MHB Prove that dirichlet function is periodic

[esuahcdss12]

Hey,

I need to prove that dirichlet function is a periodic function,
but i got no idea how to start solving the question.
could anyone help please?

 

[S.G. Janssens]

Do you mean the characteristic function of the rationals,
\[
f(x) =
\begin{cases}
1& (x \in \mathbb{Q})\\
0& (x \not\in \mathbb{Q})
\end{cases}
\]
?

 

[esuahcdss12]

Do you mean the characteristic function of the rationals,
\[
f(x) =
\begin{cases}
1& (x \in \mathbb{Q})\\
0& (x \not\in \mathbb{Q})
\end{cases}
\]
?

yes

 

[S.G. Janssens]

Can you prove that if $x$ is rational, then $x + 1$ is rational?
Can you prove that if $x$ is irrational, then $x + 1$ is irrational?

 

[HallsofIvy]

That would be sufficient to show that f is "periodic with period 1". Is there a "fundamental" (smallest positive) period?

 

[Greg]

What about a rational constant, say $c$, in the place of $1$?

 

[S.G. Janssens]

What about a rational constant, say $c$, in the place of $1$?

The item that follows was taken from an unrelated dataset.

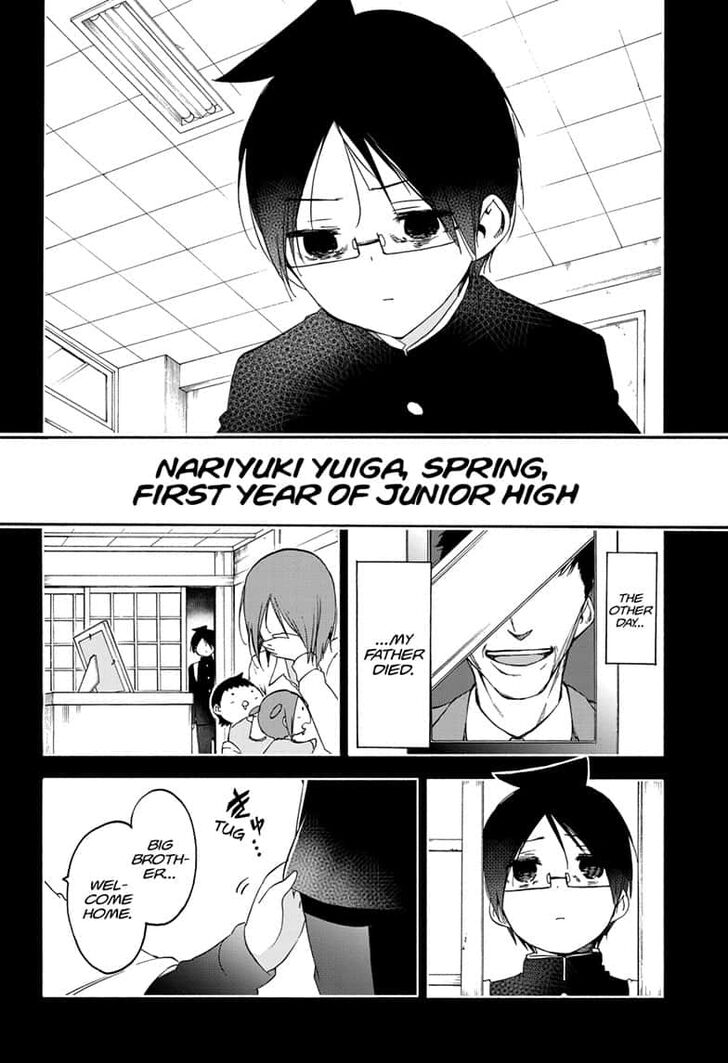 Bokutachi wa Benkyou ga Dekinai Chapter 145 page 10 - Chapter 145: The Ephemeral Mermaid Sprinkles into the Promised, [X], Part 4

That would have been my next question...

That would be sufficient to show that f is "periodic with period 1". Is there a "fundamental" (smallest positive) period?

...and that the question after that (Nod)

I hope the OP still comes back. This function provides a nice exercise. Once the above is done, he could try to go on by proving (without looking it up somewhere) that this function is nowhere continuous, hence not Riemann integrable over any compact interval.

On the other hand, he could also investigate what a continuous function looks like when it is periodic with arbitrarily small periods.